Friday, December 27, 2013

Going solo

Having returned to PNG alone to continue my in-country training, I was pretty much straight into the check-out process. I had tests to ensure I could fly the aircraft safely and operate in the PNG environment, and my solo return was rewarded with my first solo flight early in December.

The joy of being solo - freeing, but terrifying!
All our flights are tracked on-line and this is a record of where I went on my first day. This does of course mean that, whilst I may be alone in the cockpit, I'm never on my own out there. No diversions for a spot of heli-tourism!

The track to the North East was my first flight, the South West my second
My first task was to collect a couple of sets of translators from villages on the Huon Peninsula. My second flight, on the same day, was to take a person and some supplies out to some other villages for the Salvation Army. Because I'm particularly fortunate, I also got audited on that second flight to check the department's adherence to the rules!

Back safely - the new pilot and the new aircraft (P2-SIL)
Having been to Kerema a few times before with an instructor, that was my next assignment on my own. I overnighted in the town so as to be on hand early the next day to shuttle people into the village for the official handing over of the Digicel Foundation's first rural aid post to the villagers.
A suitable number of speeches were made to mark the occasion
Unfortunately, as I finished my first re-fuel of the morning, the aircraft developed a minor fault and everything ground to a halt. A number of people who wanted to get into the village were stuck in Kerema and a group of people who would rather be out of the village before it got dark were now trapped up there. Thankfully it was still early. I climbed on the aircraft, found a fault and fired it back up again - the problem came straight back! Thankfully a fixed-wing aircraft was sitting unused at base, so  a mechanic jumped into it and was promptly with me. Along with the auditor! He wasn't checking me this time, but he was certainly being thorough. Aircraft fixed, I could get back underway, but now with significantly less time than I'd started out with.
The village landing site. Thankfully I didn't breakdown here!
Mercifully everyone was very gracious and understanding, so everyone who needed to got into and out of the village, and everything was completed before the weather closed in - just.

My last solo flight before the Christmas break was to a coastal village in the South East. I went to take out songbooks to be distributed.


I was glad to be able to bring these villagers the fruits of their labour, but it was a warm day in a warm part of the country and a flying suit is not the coolest of attire (at least temperature-wise).


I was longing to join the local kids in the river, but seemed to have forgotten my swimming shorts. At least I wasn't the only person suffering in the heat - a government helicopter brought in some local officials. I'm guessing their pilot was warm too.

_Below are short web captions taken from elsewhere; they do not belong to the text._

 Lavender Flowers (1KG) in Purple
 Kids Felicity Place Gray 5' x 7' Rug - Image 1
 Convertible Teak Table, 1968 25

But with the solo flying underway, it's nice to be back with the family again.

Monday, December 2, 2013


It is rainy season in PNG now and after a few months of 'dry season' (when it still rains but not much), everyone at Ukarumpa is delighted to have overflowing water tanks.

This is our water tank, complete with its own waterfall!
When it rains, it rains HARD and it helps us feel at home!

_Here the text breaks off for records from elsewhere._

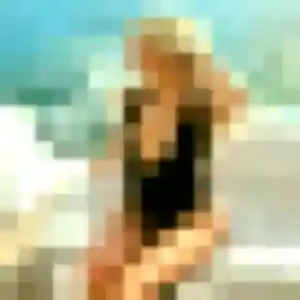 Céline, 32 ans, connectée à Saint-Benin-d'Azy pour une rencontre coquine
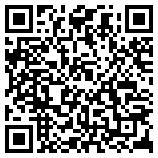 QR Code for H&R Block in Chicago, IL 60640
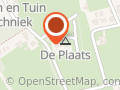 Camping De Plaats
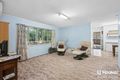 Property photo of 61 Kavanagh Road Wishart QLD 4122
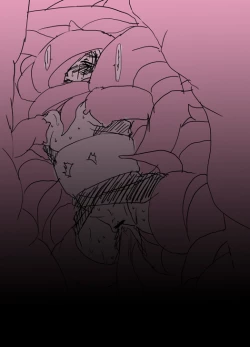 Page 17 of Tai Kashi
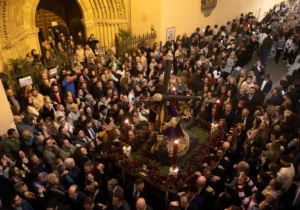 tres-caidas-rechi-U52625526740oBp-1200x840@abc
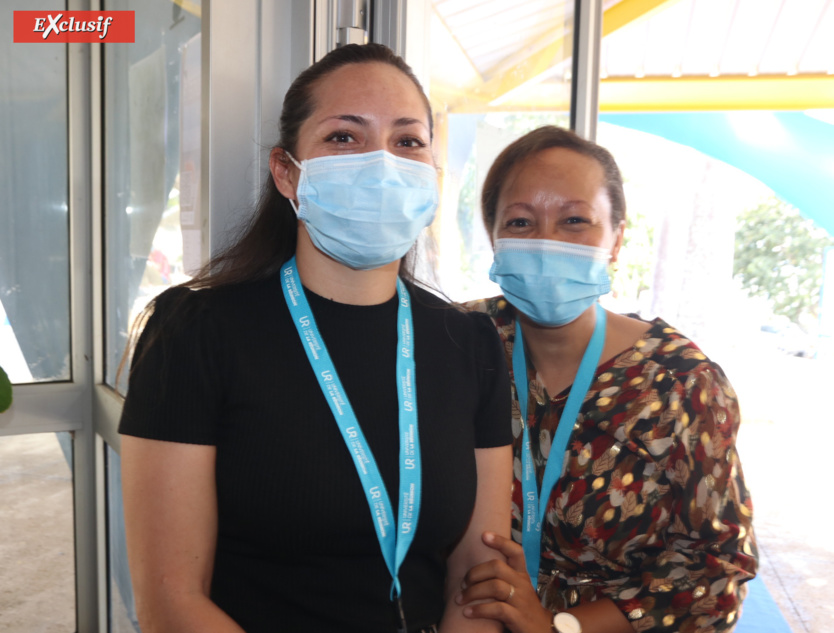 Rentrée des étudiant.e.s étranger.e.s avec le Secrétaire d'Etat Clément Beaune Rentrée des étudiant.e.s étranger.e.s avec le Secrétaire d'Etat Clément Beaune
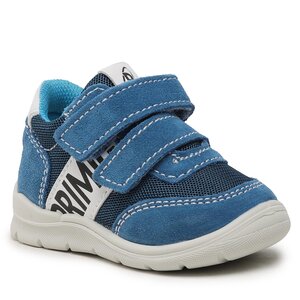 Sneakersy Primigi - 3850144 Ocean-Navy.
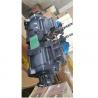 14531300 Excavator Hydraulic Pump Spare Parts K3V112DT-1XER-9N24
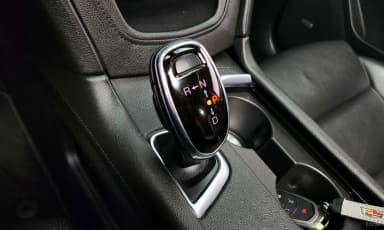 XT5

Our tin roof makes it sound pretty loud!
This is a bit of a cheesy comparison, but there are many senses in which we are 'overflowing' too. Duncan is in PNG on his own at the moment so we are missing each other very much, but at the same time we are overflowing with thankfulness for our gorgeous son, for the care of friends and family in the UK and at Ukarumpa, for the fact that Duncan will shortly fly solo in PNG for the first time, for the provision of things we need here and when we go back there, for the prospect of a Christmas in the UK with a son we never dreamed we would have this time last year and for the peace that God has given us in the midst of so many transitions. As I'm typing this I'm suddenly remembering an evening last summer... we were in Waxhaw, North Carolina and the skies suddenly opened. Boy did it rain. The day had been so hot that we rushed outside and danced around until we were soaked. This time feel likes that: overflowing, overwhelming, but exhilirating...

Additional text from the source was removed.